Convolution Confusion (YOLO/UNets)

So I have successfully completed this course but must admit I still have some conceptual related questions I am having a hard time wrapping my mind around just yet. I may also update these questions as I get closer to an answer, but here goes:

  1. In YOLO, I understand some of the really big advantages are: a) no more need for a ‘sliding window’ b) many of the computations can now be replicated, or lets say ‘no longer duplicated’.

However (even with something small in class as presented, like a 19 x 19 grid), I guess I am not clear as to how, for the bounding box, the algorithm manages to find the ‘center’.

I mean, maybe you could find a subset of similar or associated regions, and then from there say ‘okay, these are our high probability regions’-- Let’s take the X,Y min/max from those and find our center.

But (at least apparently) I don’t see that in our calculations, so I am wondering how on Earth the algorithm pulls that off (?)

  1. I understand Neural Nets have been found to do some amazing things, but if we are only then, in YOLO, looking at a bunch of tiny boxes at a time… How can it possibly find an association ? Or as Prof.

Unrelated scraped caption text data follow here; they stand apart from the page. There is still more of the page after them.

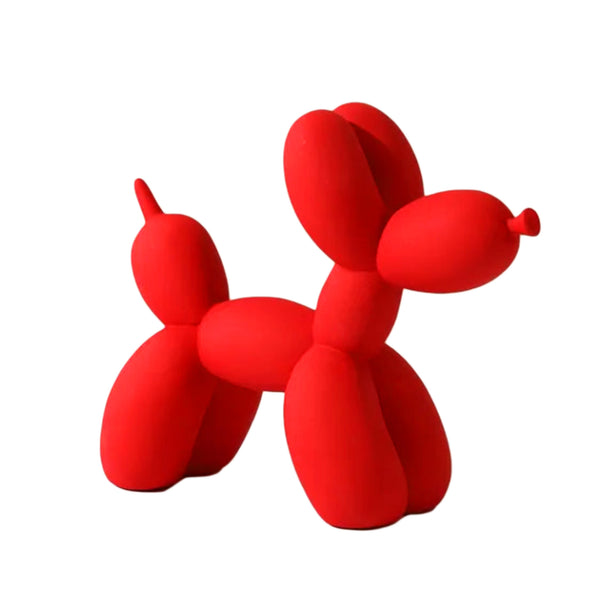 Statue Chien Ballon Mat Rouge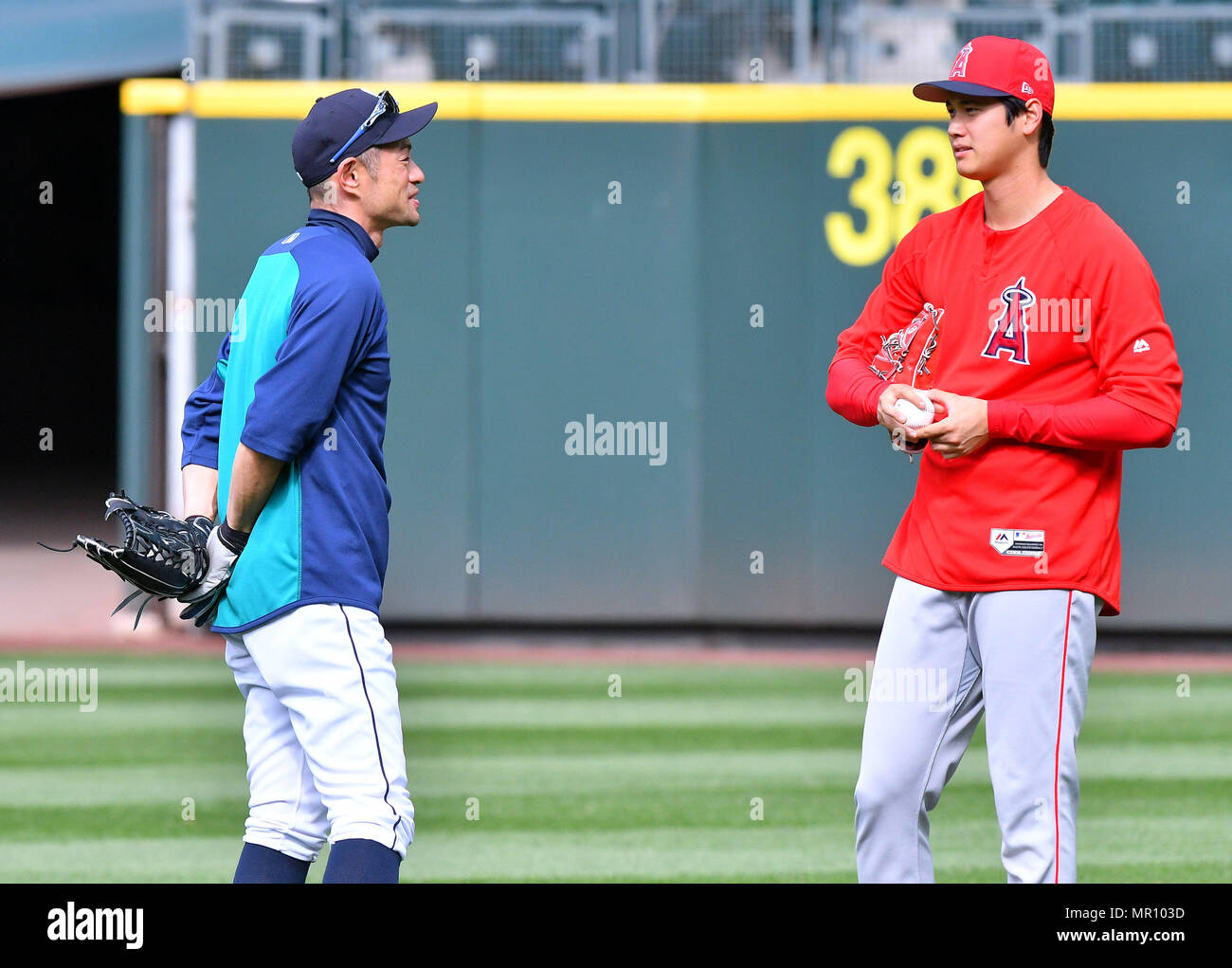 Ichiro Suzuki of the Seattle Mariners and Shohei Ohtani of Los Angeles  Angels talk before the Major League Baseball game at Safeco Field in  Seattle, Washington, United States, May 4, 2018. Credit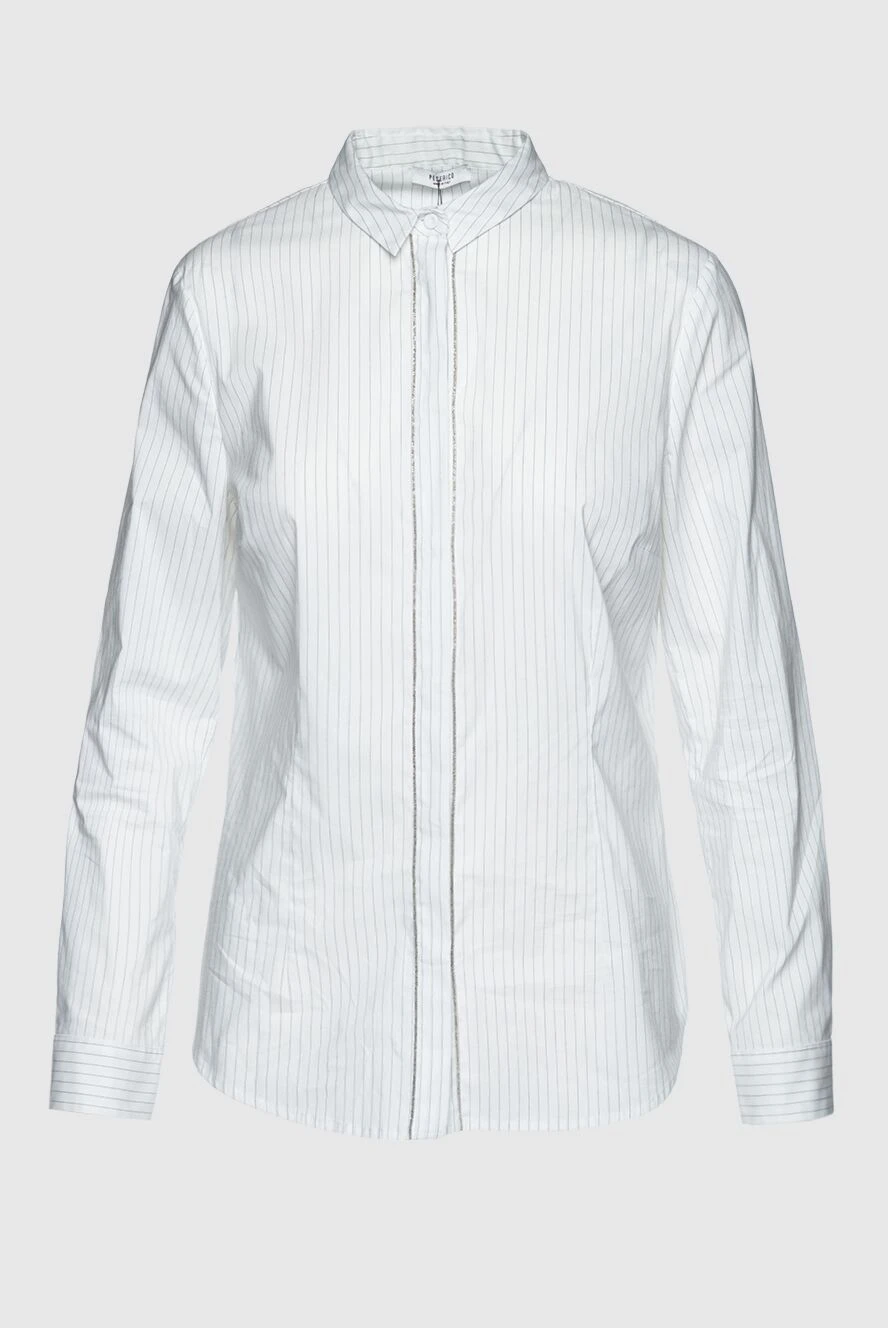 Peserico Women's striped shirt-blouse white - striped pattern. cotton, polyester, elastane. buttons. Country of manufacture: Italy. Care: specialized cleaning - photo 1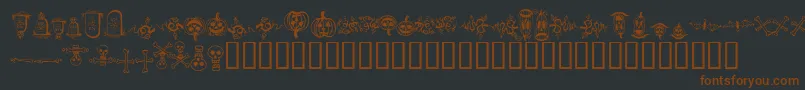Шрифт halloween borders – коричневые шрифты на чёрном фоне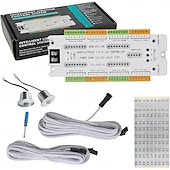 cheap Lamp Bases &amp; Connectors-32 Channel Motion Sensor LED Stair Controller Automatic Staircase Lighting Controller Short Circuit Proof Stairway Step Light Controller Adjustable Brightness for Indoor Under Stair Lighting DC12-24V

Ng admits and most of us know, humans are way better at this.

But, granted an image not taken from the class, as a person, if you showed me just this:


I would have no wild idea what that was, but the image it is extracted from is exactly this:

So it is not exactly clear to me how this is happening. I mean, I think, personally, despite our innate ability, I feel our visual recognition comes totally from the context. We see the ‘entire scene’ and then decide, ‘does this make sense being there’ ?

Maybe YOLO is doing the same, but we are not looking at little boxes one at a time.

Like, the first time you see Guernica, the canvas is just so big in person, you only see it ‘all at once’.


  1. I am trying to still do my own look up on this, but I find the 1 x 1 convolution confusing. Is this a convolutional version of something that is ‘fully connected’ ?

  2. And I’ll just leave off on this for the moment-- In the ‘upscale’ stage of UNets, I can only imagine these filters are crucially being produced by the skip transfers of the activations on the ‘downscale’ side, correct ? Or how on Earth does it know what to train to as we head back up ?

*Oops, forgot one thing-- With regard to ‘anchor boxes’, we were kind of just ‘handed them’ in the assignment, but in actuality, is this something you manually design (like a feature, or as you would in your train set ?). Or is this something an algorithm can decide ?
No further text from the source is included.